Tenía una espina rota y los pétalos estaban ligeramente dañados.
Pero Martín lo lucía como si fuera una joya.
Cuando él se lo entregó, Maribel lo recibió sin decir una palabra.
Entonces miró la flor, miró a su marido y preguntó:
—¿Se superó el presupuesto?
Martin permaneció serio por un segundo.
Entonces ambos rieron.
No porque la pobreza fuera divertida.
Pero porque, por primera vez en años, lo estaban viendo desde la misma perspectiva.
Unas semanas después, dejaron la casa alquilada.
La pared mojada ya quedó atrás.
También están las discusiones por 100 pesos, los largos silencios y las sospechas que casi destruyen el amor.

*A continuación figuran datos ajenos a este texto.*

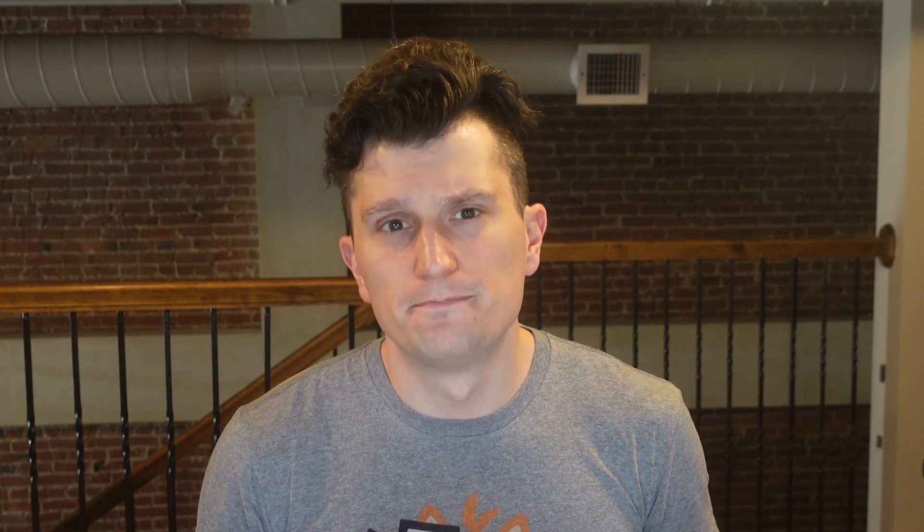JMC has a rule engine that performs automated analysis of an application for potential performance bottlenecks. A few rules have been added with this release, including a rule for when G1 pause times are above target.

La casa nueva todavía tenía solo dos habitaciones, un baño sin terminar y una cocina con piso de concreto.
Pero ella tenía algo que la otra nunca tuvo.
Paz.
Martin aprendió que no todos los “no” significan falta de amor.
A veces, un “no” es la forma que tiene una mujer de reprimir sus deseos para salvar un sueño.
A veces, la persona que parece más fuerte es la que más sufre por dentro.
Y a veces, antes de tachar a alguien de tacaño, conviene observar con atención si esa persona no está ocultando el futuro que tú mismo deseabas y luego olvidaste.